In the wake of the emergency order that went into effect at 11 p.m. Tuesday, these small businesses are turning to delivery and takeout orders. For owners, the struggle to stay open is very real.
“We’re aware that it’s affecting everybody and we’re ready to take all safety measures,” said Elio Solari, the owner of Evio’s Pizza & Grill in North Miami.
However, Solari said delivery orders are steady, at least for now.
“For us, sales have not decreased yet. Obviously we’re vigilant to all the new information that’s coming out,” he said. “Hopefully we’re still able to operate as a delivery restaurant.”
While some restaurants can still offer delivery and to-go services, other non-essential businesses big and small, like retail shops and more, took another blow Wednesday night in Miami-Dade County.
Miami-Dade Mayor Carlos Gimenez ordered the closure of non-essential businesses starting on Thursday.
“All non-essential retail, including strip malls, shops, all of the malls in Miami-Dade County, everywhere in Miami-Dade County, they’ll be asked to close as of business tomorrow,” he said.
Gimenez said social distancing is the main reason more closures are coming down the pipeline.
“That’s what we want everybody to do,” he said.
The economic impact is being felt far and wide across South Florida.
“Most of our locals are scared to come in,” said Keith Freiman, owner of The Bake Shop in Dania Beach. “Business has dropped, I’m going to say, about 70%.”
While some orders are being filled online, as well as some customers ordering their baked goods to go, the revenue that is coming in is not enough. Out of his 12 employees, nine had to be let go.

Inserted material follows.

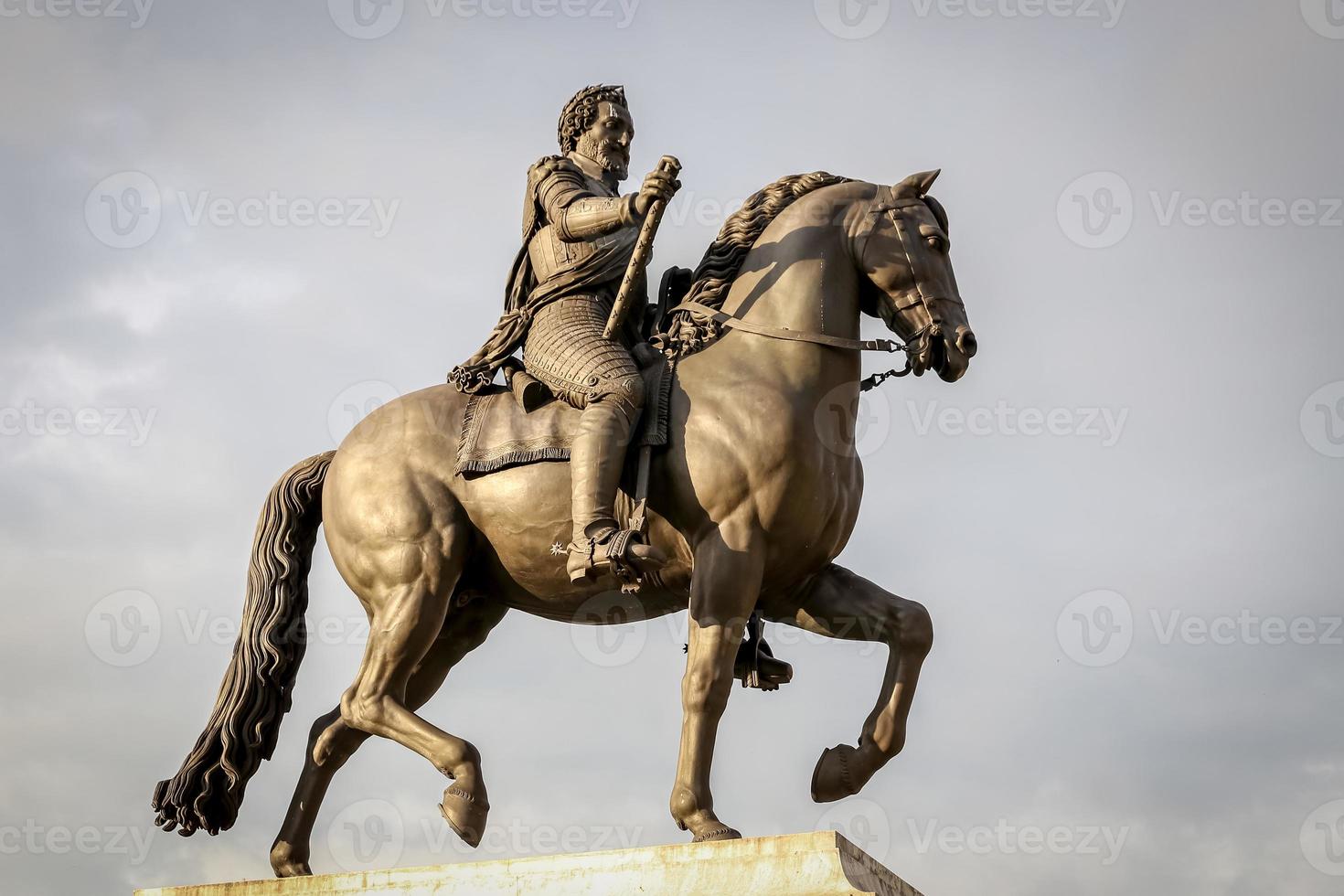 Statue of Henrici Magni in Paris photo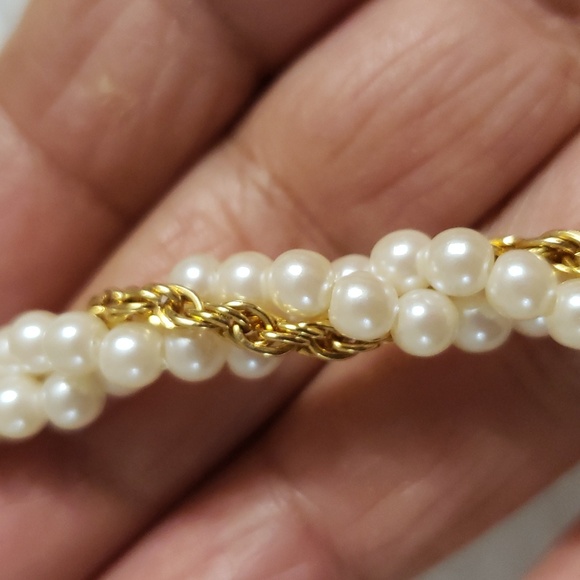 White Faux Twisted Seed Pearl Necklace & Gold Tone Chain Accent Threaded . - Picture 9 of 9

“Everybody’s been with me two, three years, from the beginning and, I don’t know. All I can help them with is food for their families,” said Freiman.
Freiman’s story isn’t even the worst case. Business at Gigi’s Music Cafe in Sunrise is usually brisk, with live music and tables full of happy patrons enjoying a glass of wine and eating soul food, but for nearly a week, it’s been dead quiet.
“Not a dime, not a single dime have we made,” said owner Semone Brown-Mobley.
For the first time, they’ll try to deliver food to customers, but for a restaurant that prides itself on live music, it’s going to be an uphill battle.
“It’s going to be very different for us, and we don’t even know if it’s going to work, how long it will work. We have no idea,” said Brown-Mobley.
What can work is a loyal customer base, as Cesar Perez, the owner of The Spotted Gallo in West Miami-Dade, can attest. He said that’s what’s helping their business maintain half of their usual sales.
7News cameras captured the restaurant’s dining room completely empty, Tuesday afternoon.
But customers are showing up and ordering their food to go. Perez hopes sales will increase when they start home delivery.
“As soon as we post everything online and on our social media, I think that it will expand a little bit through the people and get some phone calls,” he said.
All of the business owners who spoke with 7News agreed that customers still receiving a paycheck should consider placing an order for delivery at least once a week, as it will help them keep their doors open for as long as these restrictions are in place.